The two presidents ended their summit with a 50-minute walk in the grounds of this lush estate, talking one to one, with only interpreters present.

President Obama's National Security Advisor Tom Donilon repeatedly used a single word to describe the meeting - "unique".

Its importance, he said, was that it came so early in President Xi's term of office, that it was so informal and that it added up to a lengthy eight hours of talks covering just about every subject of interest in great depth and breadth.

In the first session the two men set out their visions for their country and their strategic aims.

Over dinner there was a lengthy discussion of security and in particular North Korea.

The final session was on economics and cyber security.

This is the most awkward subject for the two men. President Obama told President Xi that the cyber attacks from "Chinese entities" amounted to theft of business and military secrets.

If they continued it would inhibit the economic relationship between China and the US reaching its full potential. American sources say President Xi said he would investigate.

'Shared threat analysis'

The White House says the talks on North Korea ended with a full agreement on the goal of a denuclearised peninsular.

Tom Donilon said that the important point was that both powers had a "shared threat analysis" and recognised that a nuclear North Korea would up-end security in the region, with a profound effect.

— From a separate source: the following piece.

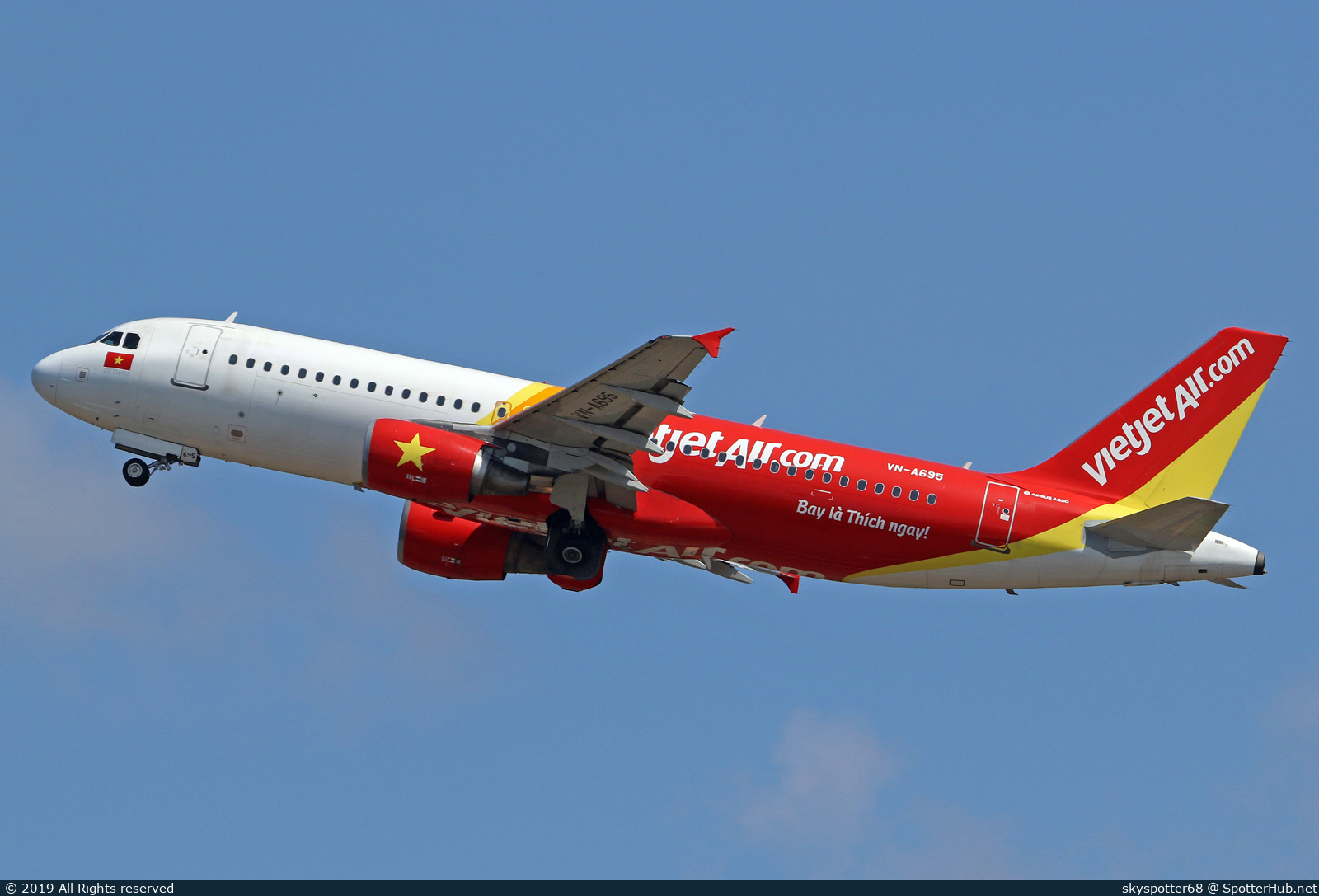 Photo of VN-A695 - Airbus A320-214 operated by VietJet Air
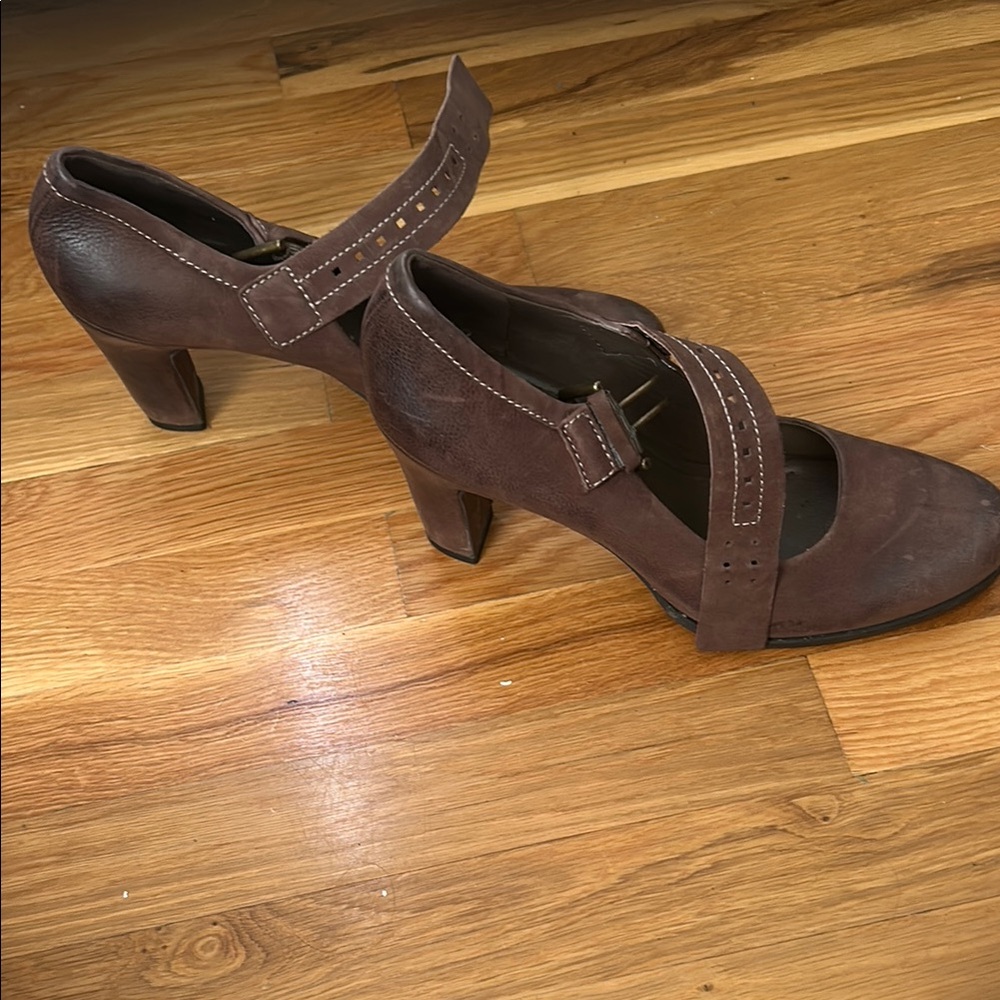 Ecco Brown Suede Heels with Strap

President Obama also warned that the growing problems over disputed islands in the pacific should be "de-escalated" and resolved through diplomatic means, not actions.

Perhaps none of this sounds very much, and perhaps it won't amount to much.

But it was interesting that Tom Donilon - who is coming to the end of his term as national security adviser and who has been deeply involved in the whole pivot to Asia - sounded so upbeat and enthusiastic about the meeting.

He set out the real purpose - to push back against the suggestion that there is an inexorable dynamic between a rising power and an established power, one that leads to clashes and conflict sometime in the future.

It perhaps sounds overly dramatic to suggest the purpose of the Sunnylands summit was to avoid World War III, but it is certainly aimed at making sure both sides know the flashpoints, and talk about them, long before disagreements degenerate into something worse.